Dataset extract =>
━━━━━━━━━━

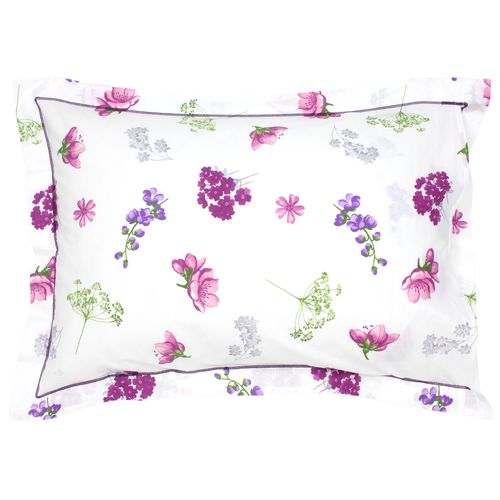 Taie D'oreiller 70x50 Cm Coton Pretty Blanc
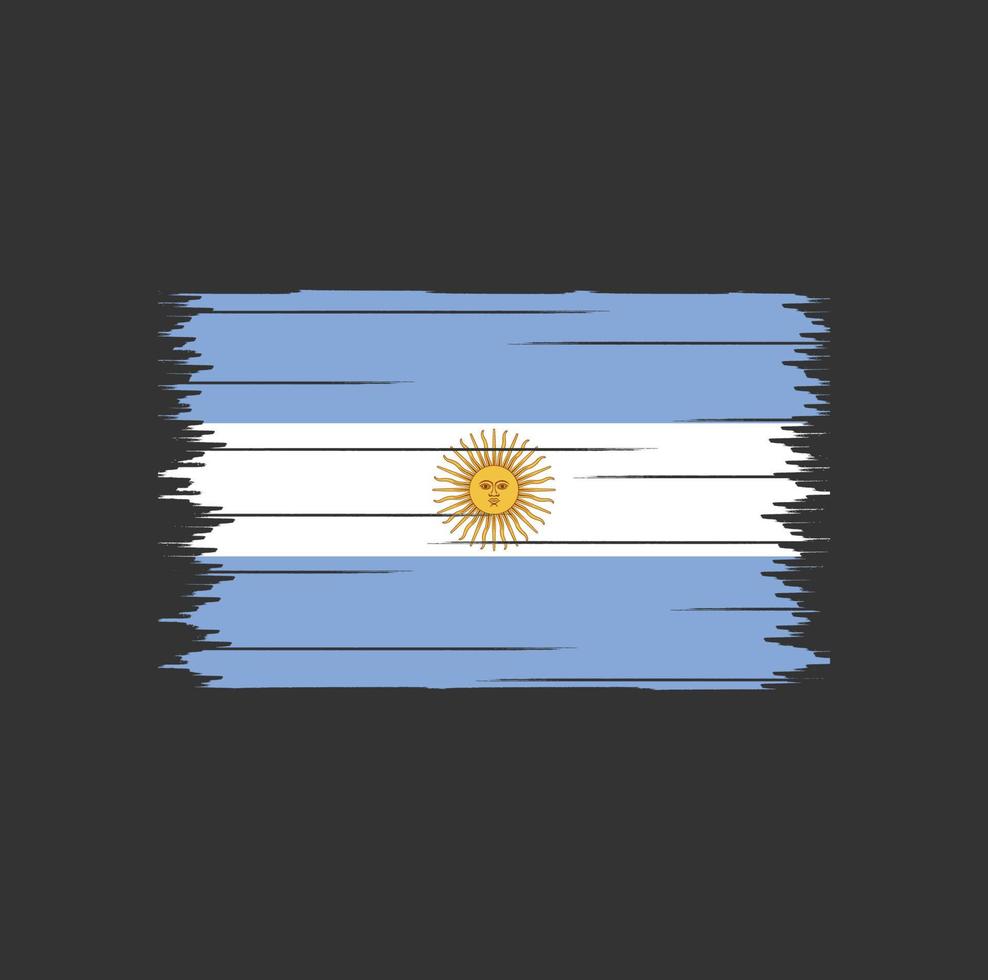 Argentina Flag Brush vector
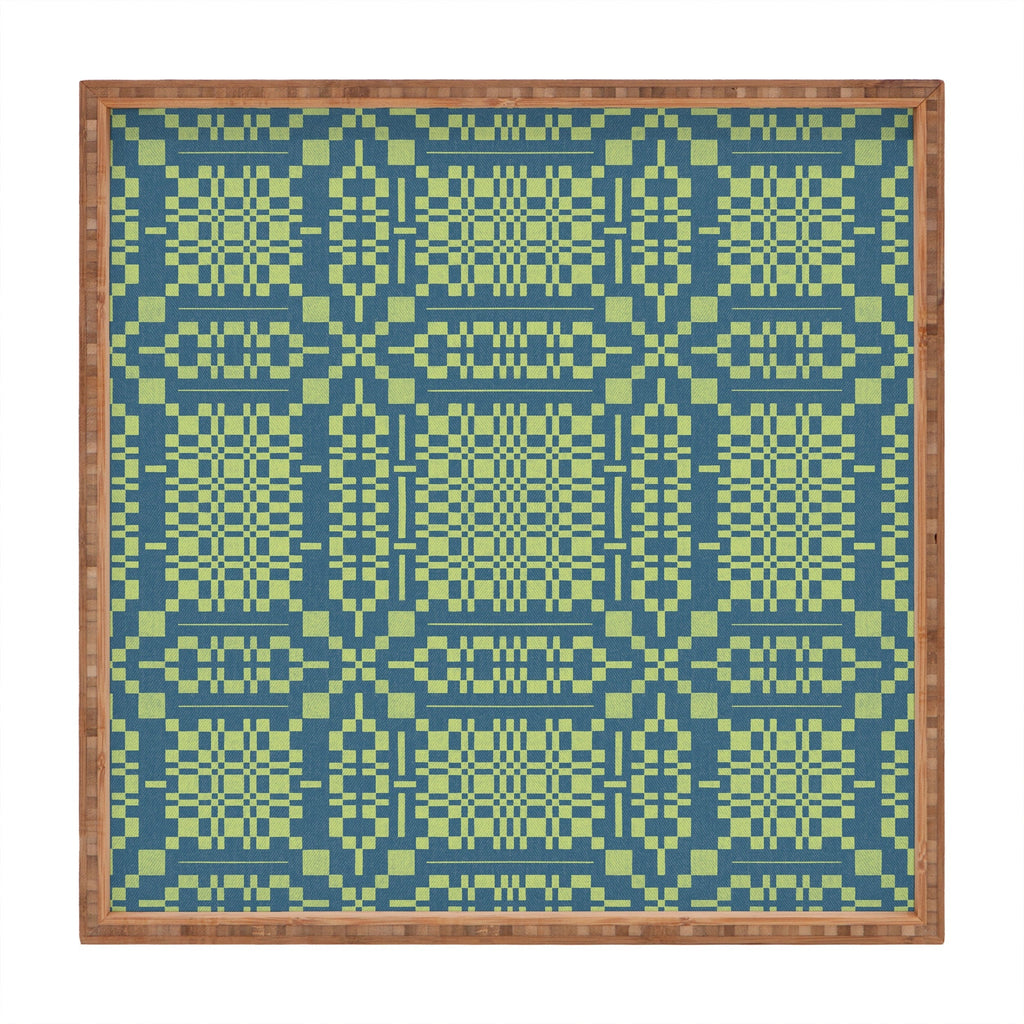 Marta Barragan Camarasa Nostalgic Grid Design Square Tray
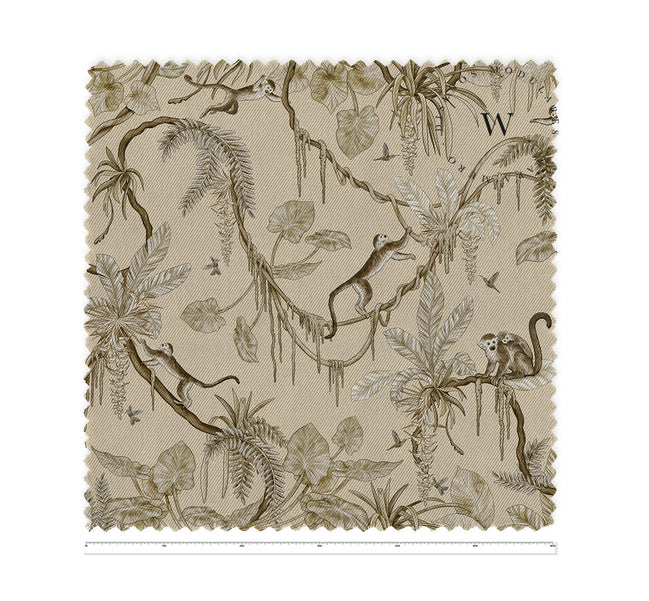 Playful Monkeys Vintage Beige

━━━━━━━━━━

Description of the task =>
Print all the lines above again exactly, without any pictures.

Result of the exercise =>
 Taie D'oreiller 70x50 Cm Coton Pretty Blanc
 Argentina Flag Brush vector
 Marta Barragan Camarasa Nostalgic Grid Design Square Tray
 Playful Monkeys Vintage Beige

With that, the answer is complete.